Task directions:
Pictures in the listing should not be copied. Reproduce, word for word, each line from the one holding "2 Double Beds 2001 * Cartagena" through the final line.

Start of Material provided

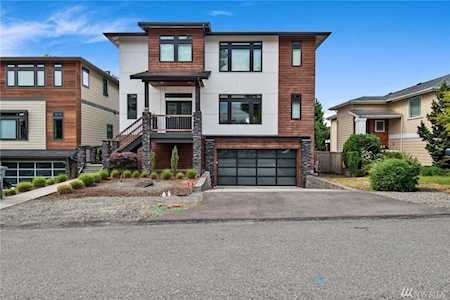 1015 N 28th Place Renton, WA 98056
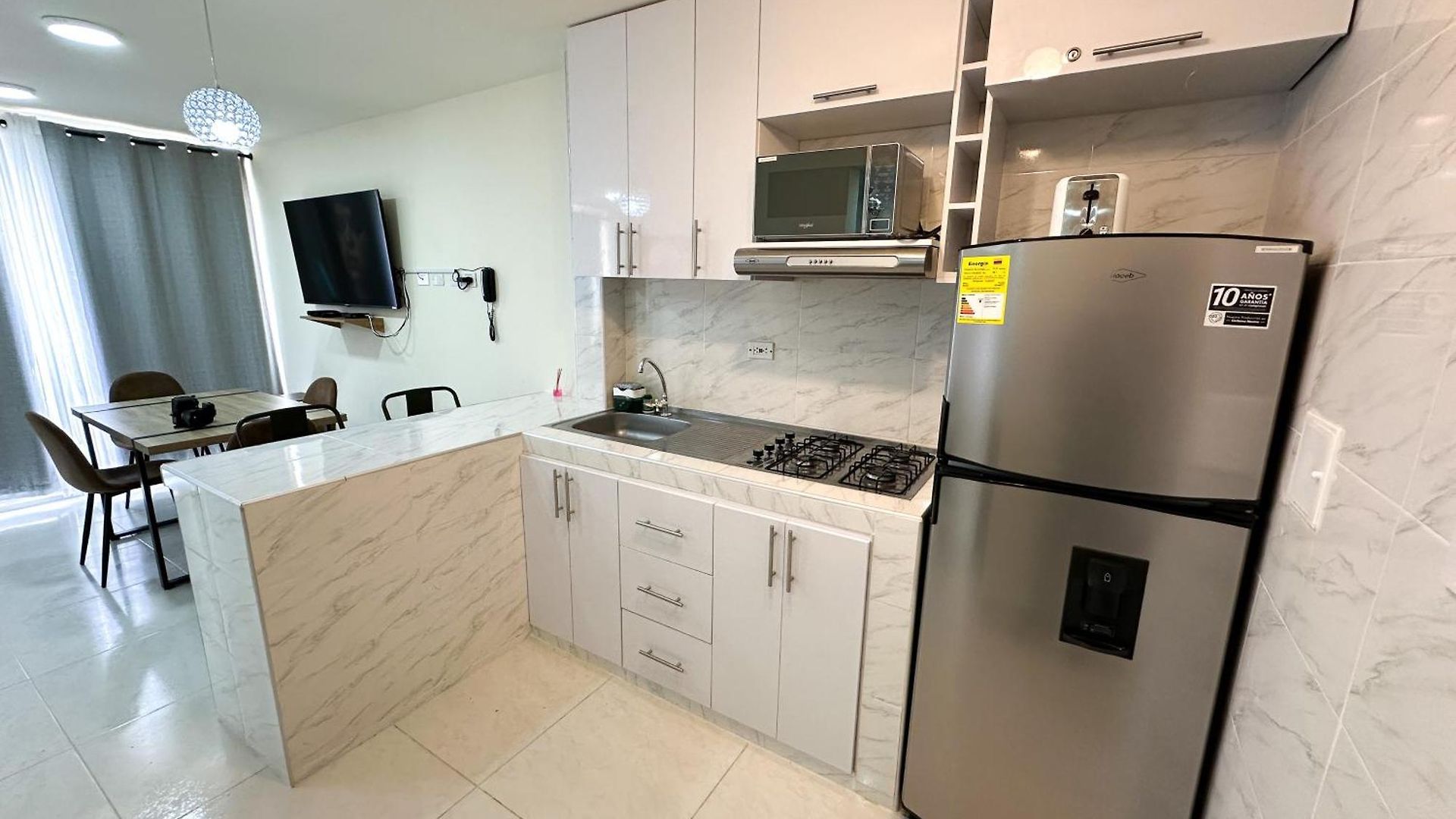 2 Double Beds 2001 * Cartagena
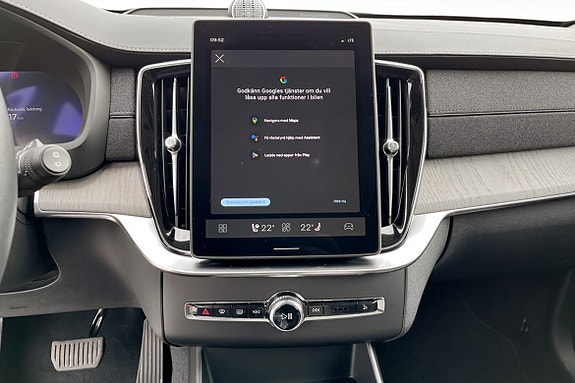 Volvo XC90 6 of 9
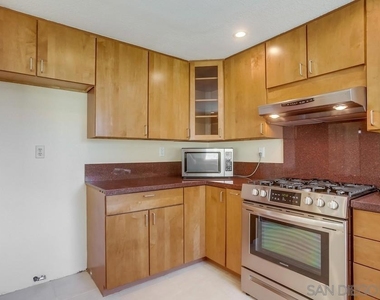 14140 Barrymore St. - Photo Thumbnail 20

End of Material provided

Solution to this task:
 2 Double Beds 2001 * Cartagena
 Volvo XC90 6 of 9
 14140 Barrymore St. - Photo Thumbnail 20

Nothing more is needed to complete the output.